Z kolei QPR u siebie może i gra dobrą piłkę, ale na wyjazdach zupełny piach, poza spotkaniem z Wolves, w którym debiutowali Barton, Wright-Phillips i DJ Campbell. Nawet najsłabsi przeciwnicy stwarzają sobie bez problemu sytuacje pod bramką Rangers. Obrona się gubi, atak też niewyraźny. Dzisiejszy mecz, ze względu na motywacją i styl gry u siebie Tottenhamu, może być podobny do spotkania QPR z Fulham, kiedy to Fulham po prostu nie wypuszczało podopiecznych Warnocka z ich połowy. Cały czas atak, hokejowy zamek, obrona QPR się gubi. Mniej więcej coś takiego przewiduję dzisiaj. Tydzień temu Rangers grali u siebie z Chelsea i goście mimo gry w 9 dyktowali warunki i stwarzali sytuacje strzeleckie. Wg mnie w QPR brakuje gracza, który by wykańczał akcje. Takim zawodnikiem jest Campbell, ale jest kontuzjowany. Ten Helguson co teraz gra, jest wg mnie zupełnym łazarzem. Oglądałem kilka meczy QPR i marnuje on sytuacje na potęgę, a dzisiaj może takich być mało. Największe zagrożenie oczywiście ze strony Taarabta. Gościu dobrze rozgrywa, nieźle strzela, jest czołowym zawodnikiem. Jeszcze jest Wright-Phillips i Barton, ale myślę że defensywa Spurs jest w stanie zneutralizować zagrożenie z ich strony.

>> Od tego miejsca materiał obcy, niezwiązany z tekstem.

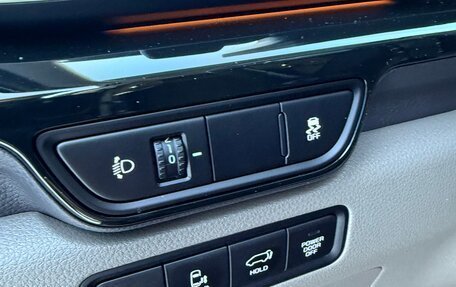 KIA Carnival, 2023 год, 6 500 000 рублей, 12 фотография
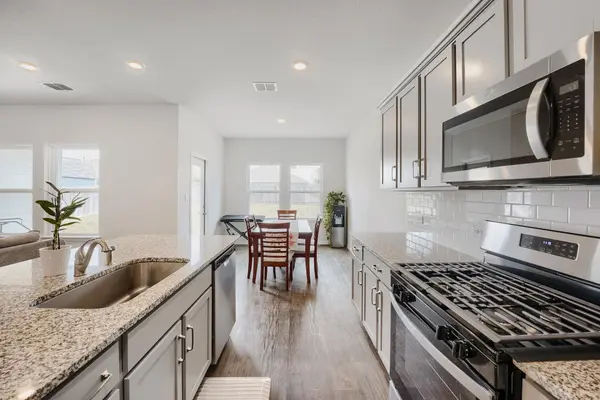 20712 Alcala TER, Manor, TX 78653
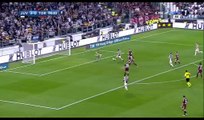 Paulo Dybala Goal HD - Juventus 4-0 Torino - 23.09.2017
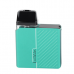 ЭСДН Vaporesso Xros Nano, 1000 mAh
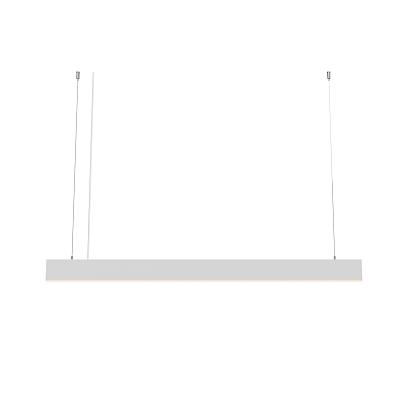 Подвесной светильник Technical P070PL-2.7-3-4K-W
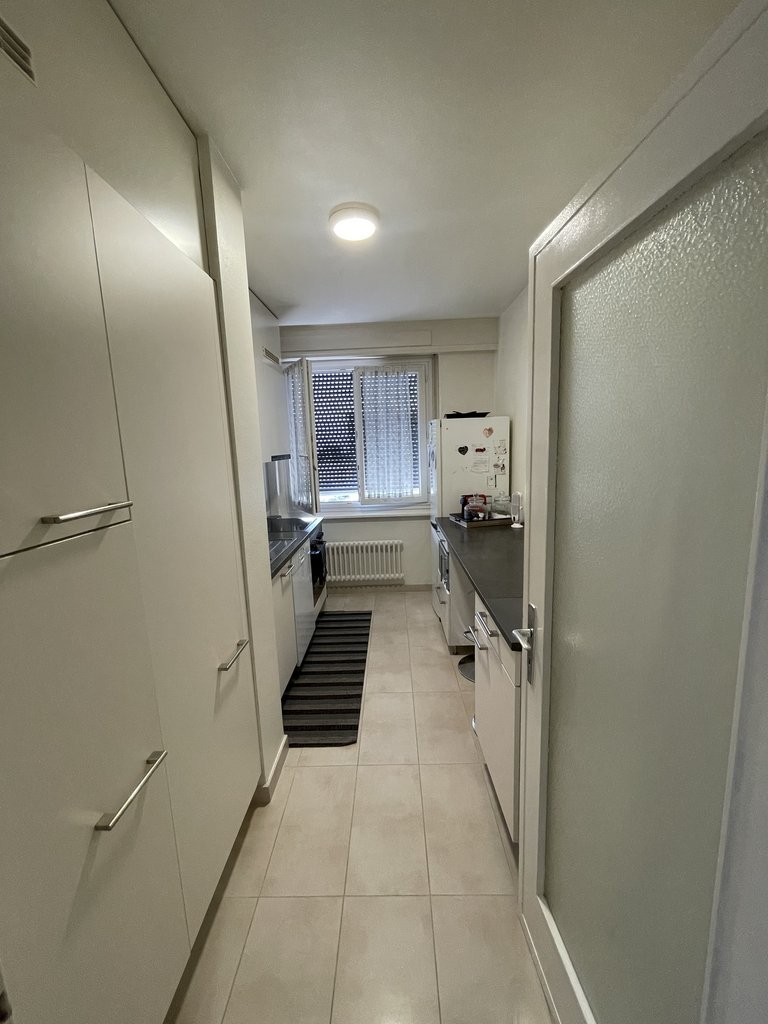 3 rooms apartment, photo 3 of 8
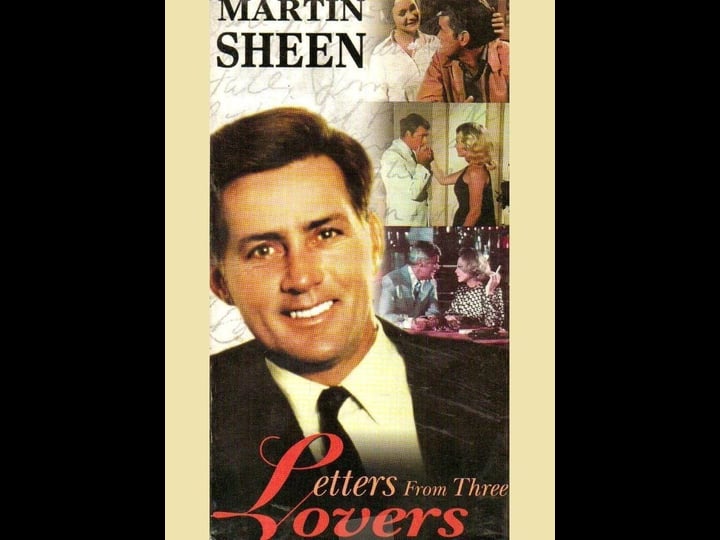 letters-from-three-lovers-1298947-1
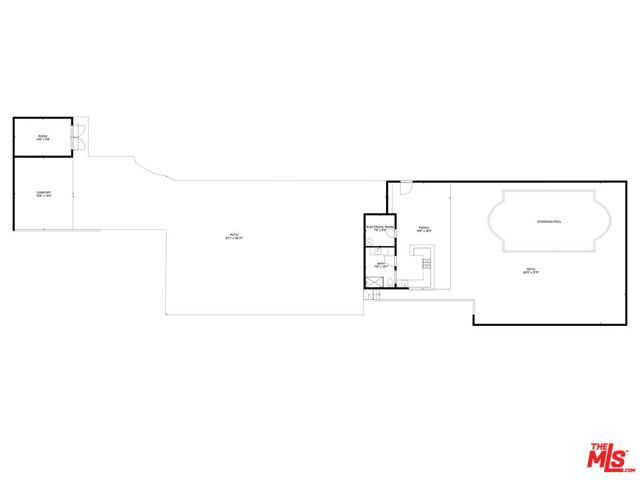 431 Montana Circle, Ojai, CA 93023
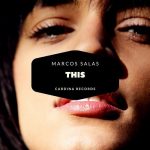 Marcos Salas – This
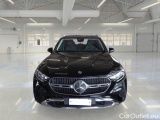  Mercedes  GLC MERCEDES-BENZ  / 2022 / 5P / SUV  220D 4M MILD HYB. ADVANCED PLUS #6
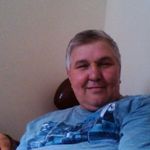 David Mallin - @dave.bonnie - Instagram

Podsumowując, ogromna różnica potencjałów, lepsza forma, własne boisko, na korzyść Tottenhamu. Mimo że to są derby Londynu, to są meczem o lekkim gatunku. Myślę że będzie to typowy ligowy mecz. Tottenham jest lepszy i mam nadzieję, że dzisiaj upokorzy obronę QPR. Wątpię też by atak gości był w stanie napsuć sporo krwi Friedelowi, skoro nie umiał stworzyć sobie zbyt wielu sytuacji grając z przewagą 2 zawodników w meczu z Chelsea.
Powodzenia ????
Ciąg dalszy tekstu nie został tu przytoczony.